How about seeking Urban Meyer's input, though? Yes, that Urban Meyer. The guy who's turning Ohio State into a power and forcing league coaches to bolt to the ultra-competitive SEC. There was a fleeting notion that man might have some cache in this? According to the emails, yes. Seems weird.
Meyer eventually backed away from that request.
“While he is comfortable telling folks he cares deeply for UC and that he knows we are a great school, with great people and great leadership, he thinks his calls would feel contrived and that they would not have an impact,” wrote Gigi Escoe, a vice provost at UC and Meyer's sister, to Babcock Nov. 27.
Both the Big 12 and ACC have said they are done with adding new teams for now, but few believe that the shifting of the landscape of big-time college sports is complete.

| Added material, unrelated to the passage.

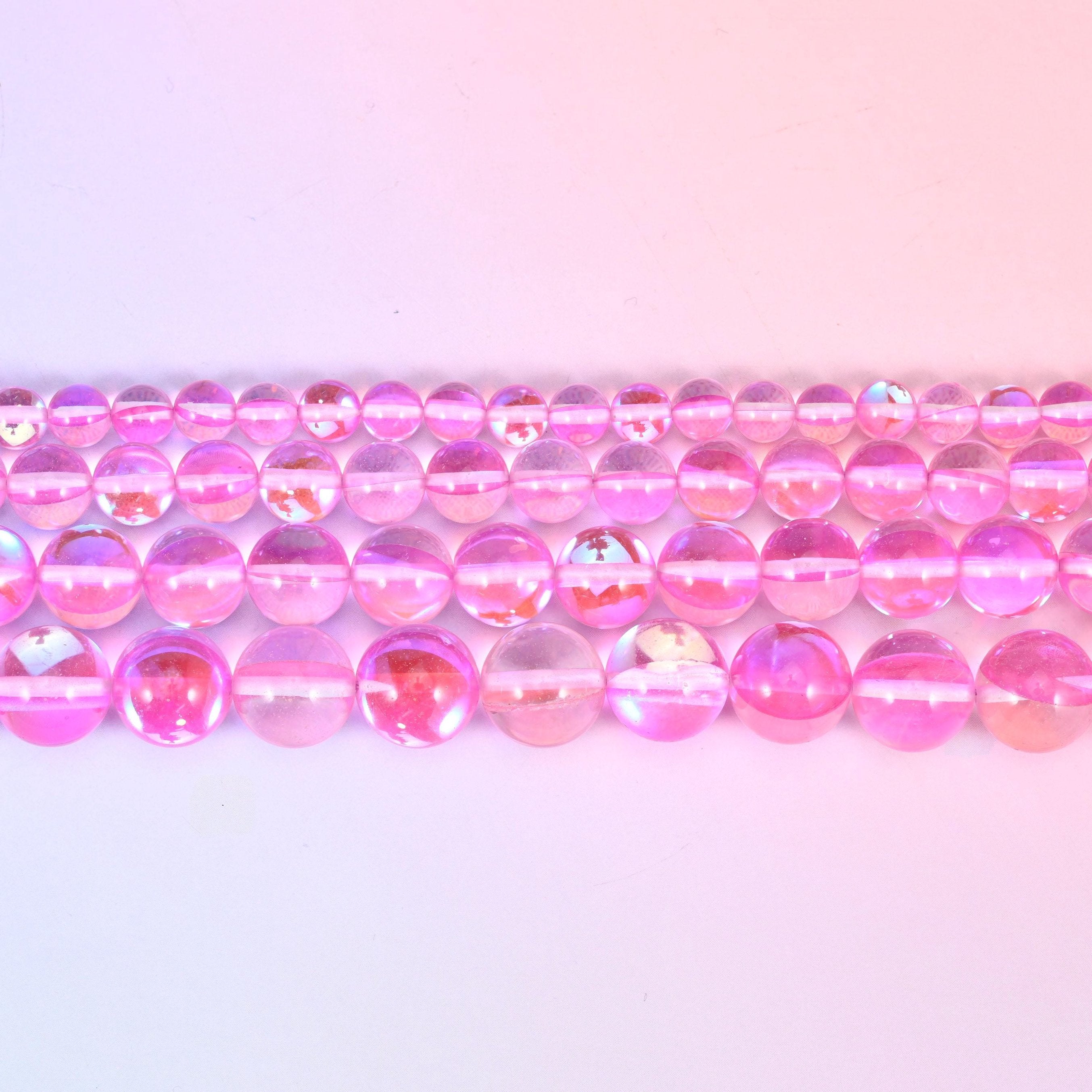 Mystic Aura beads in bubblegum-pink iridescent glass with lilac and gold shifts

“This is going to be a wild ride,” Babcock warned in the Nov. 18 email to Ono. “Can be bumpy and all-consuming. We will navigate it together.”

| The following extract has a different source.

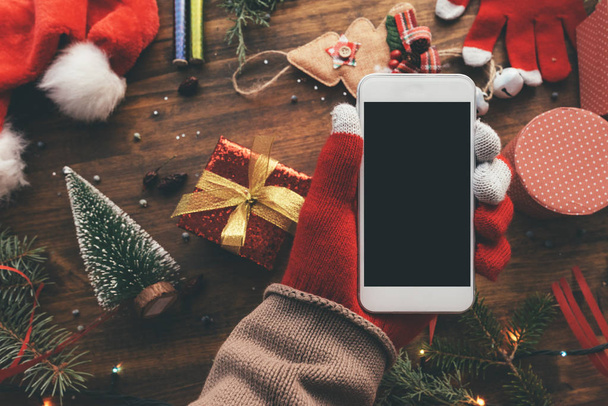 Smartphone in hand for Christmas season mock up with festive holiday decoration in background. - Foto, Imagem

The story goes on to outline how big Cincinnati's push was to the ACC, from offering meetings with Washington, D.C., to basically forwarding along pamphlets that could prove why UC was best for the ACC.
“Whether they simply replace Maryland or expand, I believe our foot is in the door for the ACC,” Schnier wrote Nov. 21, according to the Enquirer. “I would encourage us to maximize our situation.”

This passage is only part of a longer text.